Le montagne sono i rilievi aguzzi del perdono
Affilato come una piuma che non può ferire
Ma può solo esser ferita.

Spingono i tuoi talloni resistenti come felci
Nella scalata aspra ,
nella non accettazione d’un male
Che è frumento d’ombra , patiboli preparati all’alba
O una ragazza esanime sul prato brinato
A scivolare in silenzio nella propria deriva ,
esplorazione d’una poesia che non verrà mai più scritta.

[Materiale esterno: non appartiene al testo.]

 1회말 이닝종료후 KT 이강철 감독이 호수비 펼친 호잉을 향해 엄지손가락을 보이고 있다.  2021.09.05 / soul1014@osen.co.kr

Con la bocca impastata di polvere
Rimescolavi le sillabe , caramelle che erano sassi
Ma che la tua anima d’adolescente
Non poteva fare a meno di chiedere

Le rocce adesso
Rivelano un lungo selciato di vento
Dove solo chi è sensibile
Può vedere le orme della comprensione
E del divino

E solo chi vive raccolto nella poesia
Può ancora ascoltare quella parola impronunciata
Rimasta in un paio di labbra gelide
Chiamata Antonia.

 
Il silenzio è la miglior poesia
Che sia stata mai scritta

È il verso universale
Scritto dagli eremiti del cielo ,
nel giorno in cui tutti parlavano troppo
senza saper veramente parlare.

Una dislessia cosmica,
una costante ferita sulla lingua
Che i poeti si sono continuati a fare

 

Alessandro Vetuli è nato l’11 febbraio del 1989 a Roma. Ha conseguito la maturità scientifica e attualmente studia lettere moderne presso l’Università degli studi Roma Tre. Ha iniziato a scrivere all’età di 15 anni cominciando col tenere un diario; si è avvicinato alla poesia con la lettura dei poeti maledetti Baudelaire , Verlaine ma soprattutto Rimbaud. I poeti che ama di più sono: Dylan Thomas , Nelly Sachs , Birgitta Trotzig , Yves Bonnefoy , Paul Celan , Alda Merini , Antonia Pozzi , Mariangela Gualtieri , Rimbaud e altri poeti italiani di minore rilievo.
Ha esordito pubblicando poesie in due antologie dell’Aletti Editore , nell’antologia Cose a parole della Giulio Perrone editore ed infine nel 2009 pubblica la prima raccolta L’INVISIBILE (Boopen Editore) a cui segue la seconda nel 2010 Lo spirito e il corpo (Boopen Editore). Nell’autunno 2011 uscirà la sua nuova silloge Come la pietra e il vento (Fermenti Editrice) , di cui fanno parte le poesie inviate per Opere Inedite.